---------- Source material ----------

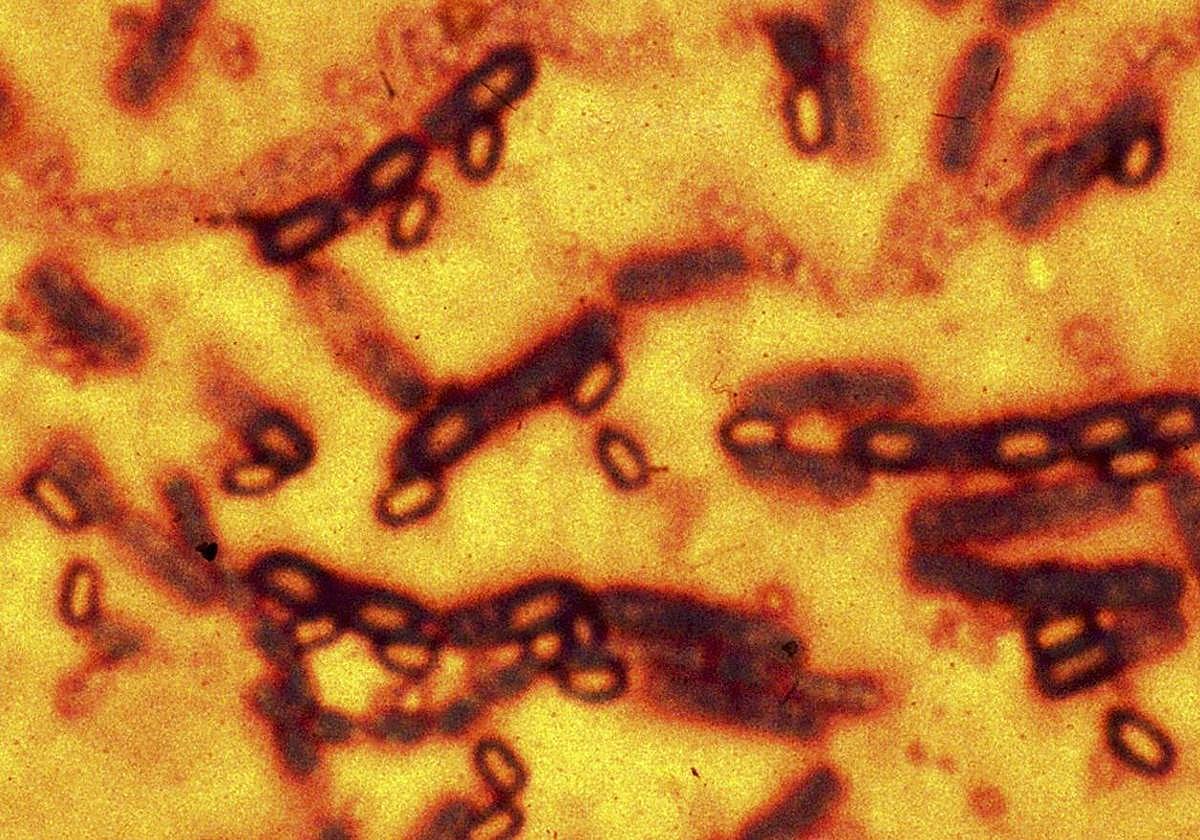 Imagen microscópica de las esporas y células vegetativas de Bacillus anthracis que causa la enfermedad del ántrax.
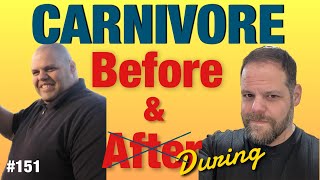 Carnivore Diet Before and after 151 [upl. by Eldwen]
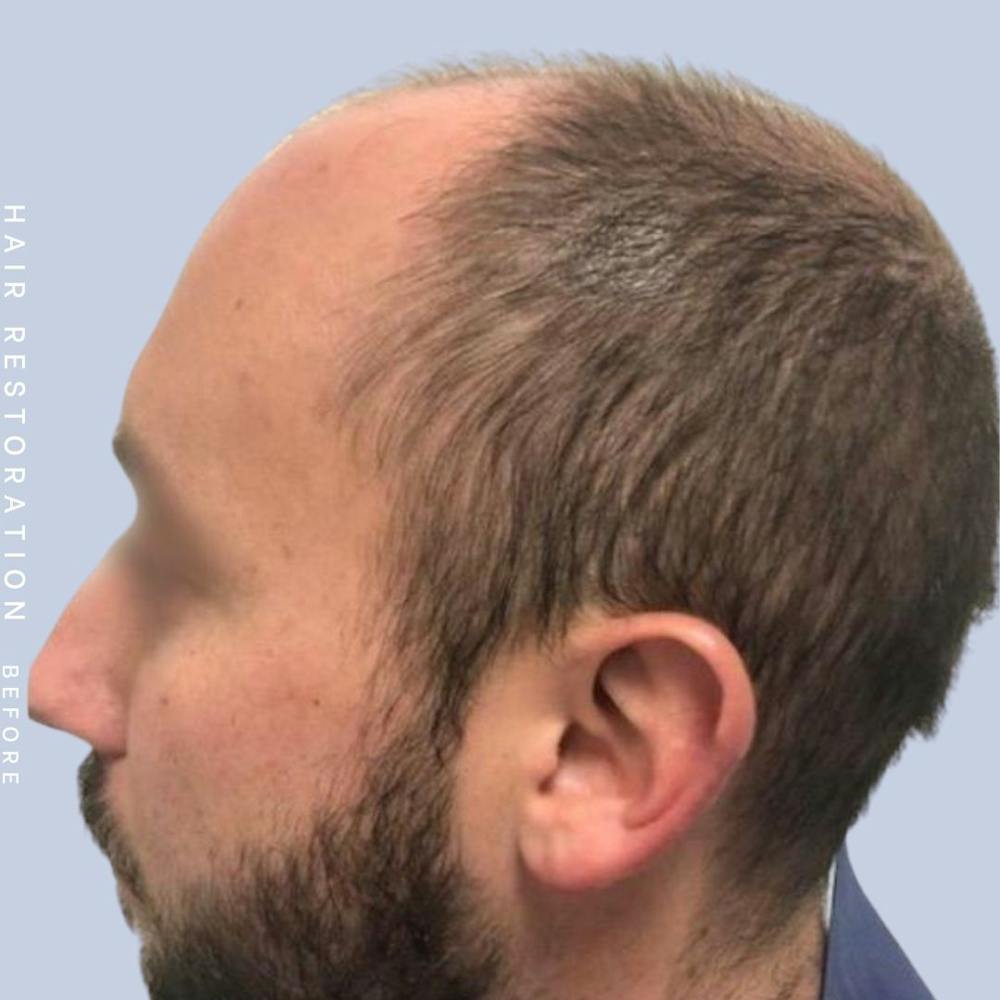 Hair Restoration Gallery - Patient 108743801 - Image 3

----------

Activity -
Each line of the material is to be output exactly. Images are not part of the expected output.

Expected output -
 Imagen microscópica de las esporas y células vegetativas de Bacillus anthracis que causa la enfermedad del ántrax.
 Carnivore Diet Before and after 151 [upl. by Eldwen]
 Hair Restoration Gallery - Patient 108743801 - Image 3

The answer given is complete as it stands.